Is $61.99 for 5 lbs a reasonable price?

https://www.seedsuperstore.com/catalog/p-100053/zodiac-chewings-fescue
https://www.seedsuperstore.com/catalog/p-100087/radar-chewings-fescue


----------



## Green (Dec 24, 2017)

Usually before shipping, FF seed is around $2-4.50 per lb. I wouldn't imagine it being over $6 per lb. Assuming $6, worst case, that means you're paying $32 for shipping and handling from NY to VA for 5 lbs of seed.

When I bought a few lbs of some other varieties of FF seed from Hogan a few years ago, the better cultivar of the two was under $3 per lb before shipping. Same from Hart Seed in CT...around $2.50 to 3 before shipping. I was buying CRF though...I know Hard Fescue costs more. Not sure about Chewings...

Speaking of which, Chewings and CRF are closely related, and have actually been hybridized. I forgot which cultivar it is, because it's not advertised as such, but it's actually a hybrid of the two. It's advertised as a Chewings. I think I remember Hogan having it, and it might or might not be one of the ones you mentioned. You would probably get some spreading ability with it, if you can figure out which it is, because CRF has a bit of spreading ability (but is extremely slow, though "strong" CRF definitely spreads faster than Tall Fescue and most PR). That's what I've been using lately but am considering hard fescue as well. I've used Chantilly and Garnet. Unfortunately, CRF tends to brown and go dormant in the Summer. This Summer, I had a lot of it actually die, too. It was a bit hotter than average, but similar to a normal Summer in your area. I think Chewings is supposed to be a little more heat tolerant. Hard is definitely more heat tolerant...possibly more tolerant than TTTF as well from what I hear, but maybe not quite up to KY-31 level...?


----------



## Clifford (Aug 25, 2017)

At least spend the extra 16 bucks and get 10 lbs. That way you can dormant seed and then put more down later. I am a firm believer in dormant seeding and will be doing it myself within the next few weeks, but with the understanding that germination rates drop drastically. The extra five pounds will probably come in handy later.


----------



## Powhatan (Dec 15, 2017)

Thanks for the info @Green and @Clifford.

I see Hogan's is also selling Zodiac FF, but I haven't asked what's the price. Both Radar and Zodiac are within the LSD value on the NTEP results, so either one would suffice for me, but the Radar has slightly better scores.


----------



## Green (Dec 24, 2017)

@Powhatan, "Seabreeze" Chewings Fescue (sounds more like a Seashore Paspalum cultivar to me) is one of the cultivars that's a hybrid between Chewings and Slender Creeping Red.

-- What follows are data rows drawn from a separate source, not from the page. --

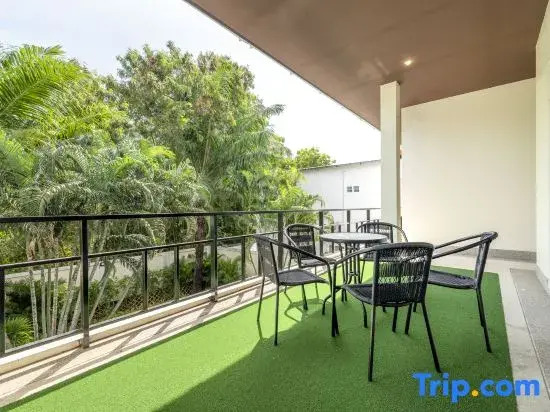Pattaya Private 4-Bedrooms, 5-Bathrooms Pool Villa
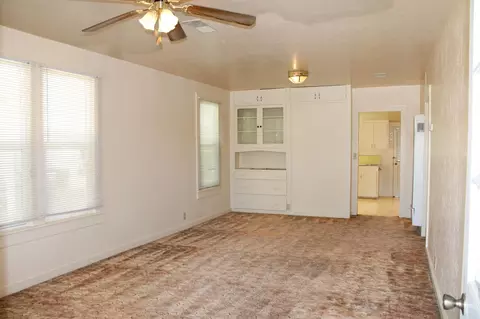 183 E Hawthorne St, Coalinga, CA 93210 photo 5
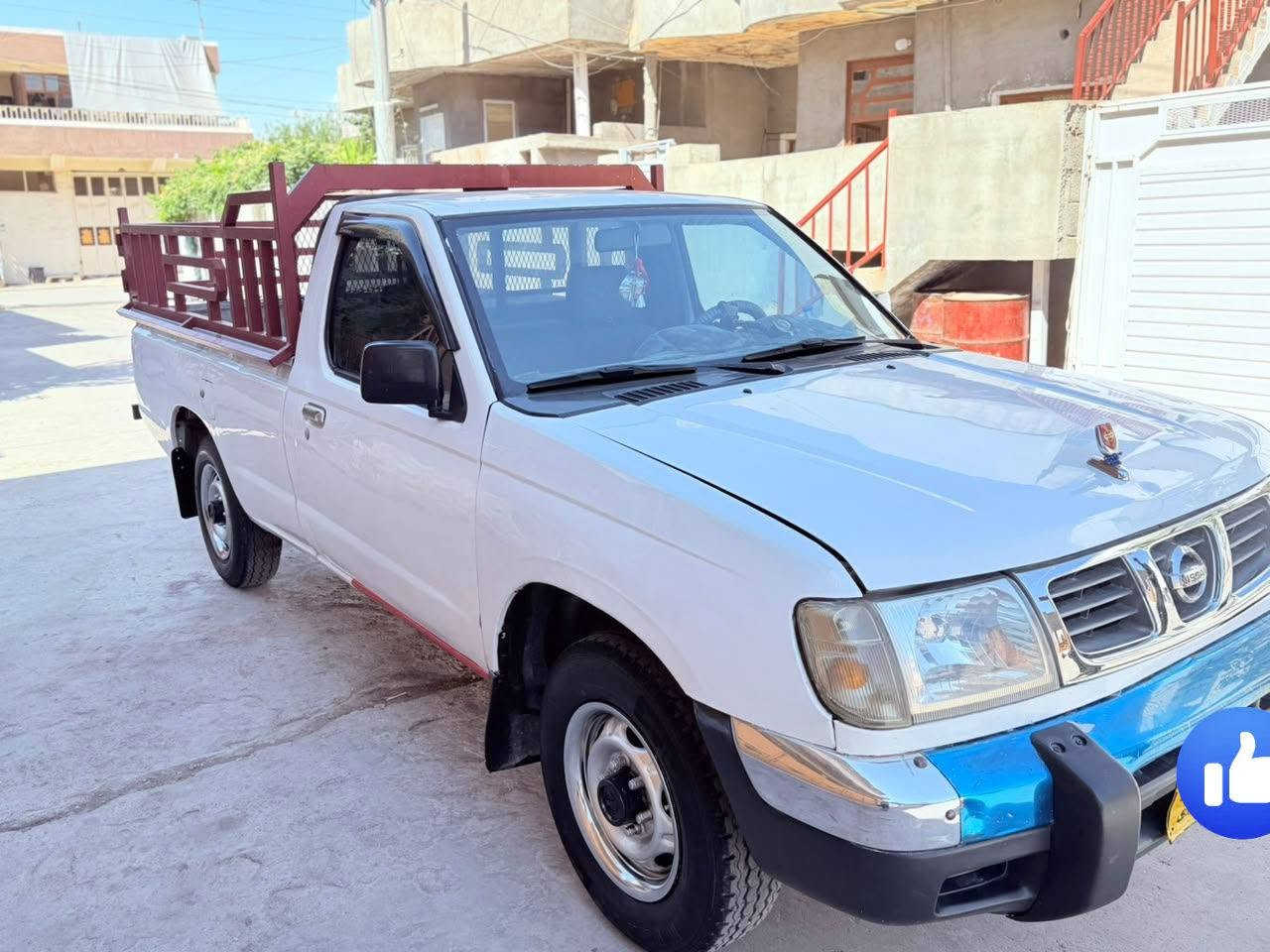 نیسان 2001 تەحویل عەسڵ 
کامل مەسرەف چوارتایەی تازە دەنلووب تەبریدە بەس پاوەر نیە هەیکەلی جوانە نەتەپیوە 
 ئاڕم  ئەوەلیات  غەرامە بەشەرت
گێڕوو مەکینە عەکسل  بەشەرت 
تەقەو ڕەقە بەشەرت  تەبریدی سارد بەشەرت
چەمەلغ و بۆنیدی ڕەشە 
چەمچەو ناوبۆدی جوانە 
سەیارەی ماڵە 
ژم ***********
ژم ***********
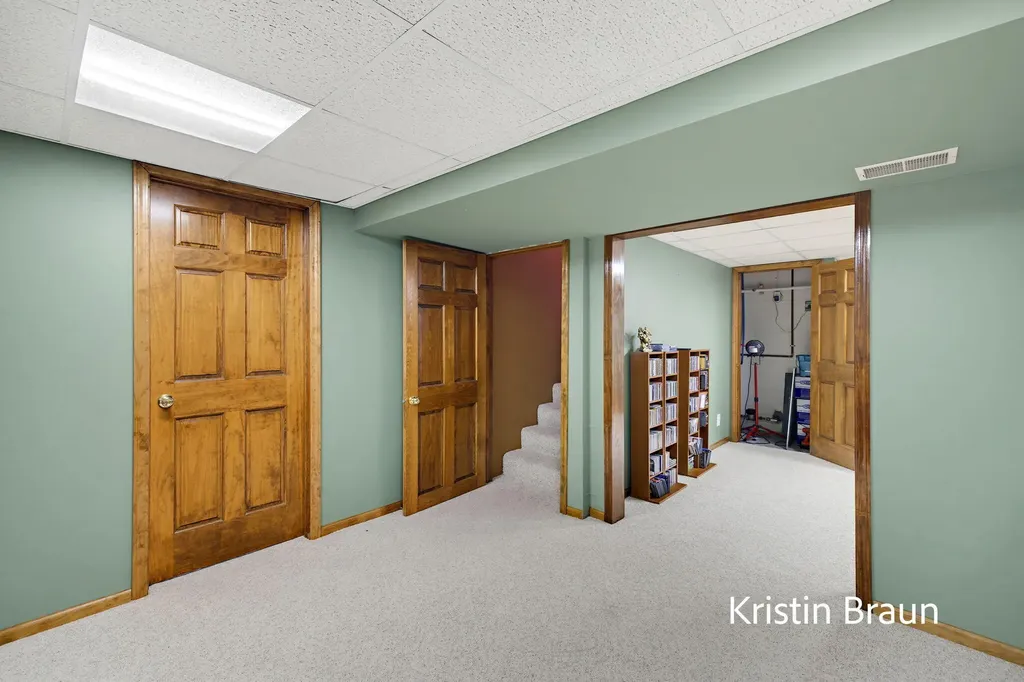 1851 N Sheridan Road Muskegon Charter Township MI 49445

http://www.umces.edu/sites/default/files/Chewings-fescue-summary.pdf

It's possible Chewings may eventually segregate into distinct clumps the way Tall Fescue does if the lawn thins out a lot over time...I believe they're similar in that regard, but not 100% sure. Both are definitely bunch-grasses, though.


----------



## Powhatan (Dec 15, 2017)

Hogan's quoted me $3.75 per pound for Zodiac plus $20 shipping for 10 lbs, $57.50 total.
SSS is $77.99 for 10 lbs with shipping included.

I'll wait till next month when SSS starts selling Radar to see what that price will be before purchasing.


----------



## Powhatan (Dec 15, 2017)

SSS is selling Radar now, $1.00 cheaper than Zodiac. Unless I find it cheaper priced somewhere else, I'll probably buy 10 lbs from SSS. That cultivar is the only one listed for *Chewings fescue - Recommend* on the 2018-2019 Virginia Turfgrass Variety Recommendations document. Gotta go with the best, right.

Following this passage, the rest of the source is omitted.